DOCUMENTAIRE : Walang Ilaw sa Bahay // Une maison sans lumière
Walang Ilaw Sa Bahay est un moyen-métrage documentaire réalisé par Justine Meignan qui se déroule aux Philippines. Ce film nous livre les témoignages de plusieurs enfants dont les mères travaillent à Paris en tant que domestiques. Premier pays exportateur de main-d’œuvre, les Philippines connaissent depuis les années 80 un phénomène nouveau et qui s’accélère : de plus en plus de femmes, bien souvent des mères, décident de quitter leur pays pour devenir domestiques au Moyen-Orient, en Asie ou encore en Europe, afin d’assurer le futur de leurs enfants. Ces enfants, qui n’ont pas vu leur mère depuis parfois plus de dix ans, nous parlent de leur relation particulière à cette femme qu’ils ne connaissent qu’à travers les conversations téléphoniques ou les chats internet. Le film alterne entre le quotidien de ces enfants et jeunes adultes aux Philippines et les images des lettres-vidéos de leurs mères réalisées à Paris. http://vimeo.com/67996474


voir le documentaire en entier : http://vimeo.com/67996474

SYNOPSIS

« Le père est le toit de la maison. La mère, la lumière. Vivre sans sa mère, c’est comme lorsque que tu avances dans le noir. C’est laborieux, tu te cognes, mais tu y arrives. »

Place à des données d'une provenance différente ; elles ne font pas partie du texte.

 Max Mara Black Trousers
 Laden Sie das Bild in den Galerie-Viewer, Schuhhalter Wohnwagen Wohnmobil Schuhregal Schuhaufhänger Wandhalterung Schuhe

Erwin a vingt-­sept ans, lorsqu’il était adolescent, sa mère est partie en France, grâce à un visa touristique pour être embauchée comme domestique dans une famille aisée de la capitale. C’était le début de dix longues années de séparation, dix années nécessaires à Daylee, sa mère, pour demander sa régularisation.

Dans une lettre-­vidéo que j’ai emporté avec moi, Daylee lui parle, lui montre Paris, lui fait part de ses espoirs pour son avenir et de ses regrets liés à sont absence.

Parfois, ma caméra semble être l’œil de la mère et Erwin lui parle comme si elle s’était substituée à elle. Puis, elle redevient l’objet et en le suivant dans son quotidien, il me confie peu à peu son désir d’émigrer à son tour et de prendre le relais de sa mère.

Comme Erwin, John Dave et Denise Althea vivent sans leur mère, mais leur souvenir d’elle est plus lointain. Agés de huit et dix ans, Elena les a confiés à ses parents il y a cinq ans déjà. A l’intérieur de Tondo, le quartier des bidonvilles de Manille, leurs grands-parents font de leur mieux en attendant de pouvoir emménager dans la petite maison de province que leur fille a acheté avec l’argent qu’elle envoie tous les mois.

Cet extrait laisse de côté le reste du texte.